Confessions
Like everything else in my Blog, this is a random ramble inspired by a random incident floating through my random life.
Tonight I am going to talk about something I haven't discussed with anyone before, and try to come to grips with the fact that I am a killer.
Yes, that's right, a killer.
A few minutes ago, my wife made me sit through an episode of some new TV show called something like "America's dreams."
During this show a woman came on who talked about Basset Hounds, reminding me of a Basset Hound I once had named Arnold.
My future wife gave me Arnold when he was just an itsy bitsy pup. He was so small he could fit in the palm of my hand, just a wee ball of puppy love, yelping for attention. I spent countless hours with him, raising him, trying to house break him, buying numerous barking collars for him, feeding him from a bottle, watching him consume bags of dog food, brushing him, letting him lick me, you know, just alot of "doggie stuff."
Well, as time drifted by, Arnold grew up, I got married, I grew a gut, Arnold grew a gut... Simply put, life happened. And one day I realized that Arnold had a serious hip problem. When he ran across the lawn, his hind end would drag, and no matter how hard he tried to overcome his handicap, it was obvious that he had serious health problems.
After watching him struggle for a few weeks, I took him to a vet, and found out the bad news. Arnold suffered from a degenerative disease common to Basset Hounds, and unless he had an extremely expensive, and experimental surgery, he needed to be put out of his misery.
With a heavy heart, I drove home and let Arnold loose in the back yard. Instead of running about and howling like he used to, he just lay there on the patio and looked at me with those sad sad eyes, so full of pain, and begged for help.
Then and there, looking at Arnold laying on the cold patio, I knew that it was time for me to live a page out of Old Yeller.
I will never forget picking Arnold up, carrying him to my truck, letting him sit on the front seat with me, and taking a short drive into the country. He just looked up at me, with those droopy ears and crying eyes, and seemed to know that this was our last day together. It was almost like he knew his time was come, and wanted me to know he understood.
I drove around for several hours, alternating between crying and telling myself I was doing the right thing, but finally I found a lonely dirt road and pulled over to the shoulder. I blindly stumbled into the cedar thickets, carrying a shovel, and dug a little hole under a Live Oak tree. Then I went back and got Arnold, and carried him back to the Live Oak. I knelt there for a moment, under that huge tree's shade, clutching Arnold to me, dropping tears onto his brown and white speckled back, then laid him down and loaded my rifle.
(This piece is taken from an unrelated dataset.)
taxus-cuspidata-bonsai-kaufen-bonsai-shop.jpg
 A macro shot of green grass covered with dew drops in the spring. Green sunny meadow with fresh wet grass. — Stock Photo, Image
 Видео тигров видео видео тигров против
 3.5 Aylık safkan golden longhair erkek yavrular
His condition was so bad that he couldn't have move even if he wanted to, so he just lay there whimpering in the dry leaves, rattling them with every pained breath.
I put him out of his pain, then laid him in the hole and covered him up, shovel full by shovel full.
While burying him, I buried part of me, but it was somehow liberating. I knew he was finally free, and if there was room in Heaven for pets, then he would surely be there.
All in all, it was one of the worst days of my life. But as I drove home, hating myself, but knowing I did the right thing, I got just a tiny picture of how God must have felt watching His Son die at Golgotha.
I had just lost a dog, a dog I loved, but still, a dog.
But God, He had lost His Son. Not only had He lost Him, He had to look down and watch Him die a lonely and excruciating death, naked and nailed up on a tree. And while the Son of God was hanging naked, and slowly dying, people were walking around and looking up at Him, mocking Him, and playing dice to see who would get His clothes.
Some folks choose to shake their fist at Heaven, and accuse God of being a mean harsh ogre.
I choose to see Him as a God who showed all of Creation what it is like to truly lay ones own life down for a friend.